How do they come up with the calories burned figure on exercise apps. Th elliptical machine at the gym says 400 in 30 minutes. One biking app says 1000+ for a 20 mile bike ride in 1 hour 20 minutes. A different app says 550 for the same ride. I’m not counting calories, just curious about the method they use to calculate.

I’ve seen legit exercise studies that show on how many calories are burned under different cricumstances. I know how they measure it; however, these are estimates at best and depend greatly on the conditions, your fitness level, etc. For example, I do a lot of hiking and have seen apps that give me 100 to 200 calories burned for every mile I hike. The app knows my speed and elevation changes, but it’s still just an estimate. Whether I am burning 100 or 200 calories for every mile I hike doesn’t matter much to me, as long as I am burning calories!

it’s a technology called “WAG” or Wild-Assed Guess. If the tech is a bit more advanced, it uses things like asking for your weight, measuring activity (movement) with the sensors on the phone (or Apple watch) etc. All to better hone that guess.

But yes, my Bowflex C6 bike will tell me that I performed 375 calories of exercise, my Apple watch says 290, and the Peleton app on the iPad says 165. The bike is probably most accurate, since it is using electrical resistance to put a load on the pedals, monitors speed, and knows how much energy I actually need to turn the wheel.

The Apple watch can get my resting and active heart rate, to make a better estimate than just “guess”. The Peleton app only knows the pedal cadence, not the resistance setting, so is making a less refined estimate. (and I probably weigh more than their typical client).

I wonder if some apps are calculating how much mechanical work you’ve done and expressing that in calories, while other apps might be assuming a value of thermodynamic efficiency for the human body and calculating how many calories of food you need to take in to offset the mechanical work you’ve put out.
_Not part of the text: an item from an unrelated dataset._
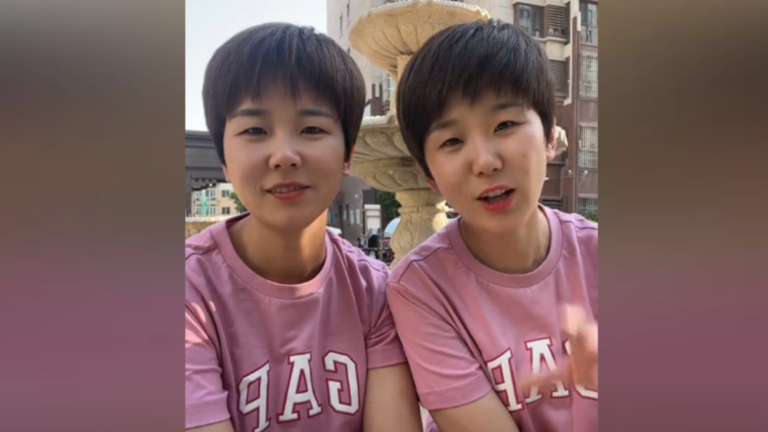 天註定！雙胞胎姐妹相認後發現人生驚人相似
The latter would be of more interest to people, because it would tell them how many energy bars they could eat without expecting to gain weight.

Most calorie-counting apps probably use a pre-determined metabolic equivalent of task value for the activity, and then a simple formula to factor in duration and your weight. That’s why the apps will have specific activities you can select, but also a custom workout that asks you to rate the intensity of the workout.
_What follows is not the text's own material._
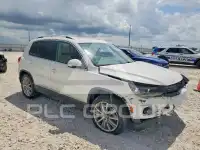 2013 Volkswagen Tiguan photo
As a for-instance, this website uses:

Total calories burned = Duration (in minutes)*(MET * 3.5 * weight in kg)/200

So an elliptical at the gym probably (WAG here on my part) determines your calories burned as an ongoing recalculation of your MET based on your speed/resistance/elevation, as well as other provided data (a lot of them let you enter your age and weight, and have ways to track your heart rate). Or possibly it doesn’t measure anything and just has pre-determined values based on a single setting.

But it’s never going to be more than a very broad estimate.

In a lab, they can measure it by hooking up hoses to an athlete’s face, and measuring the amount of oxygen they’re consuming. The metabolic processes are fixed and known, so given the amount of oxygen, you can determine the number of Calories. Presumably, they do this for a whole bunch of test subjects of different heights, weights, genders, etc., so they can interpolate what any given person will burn.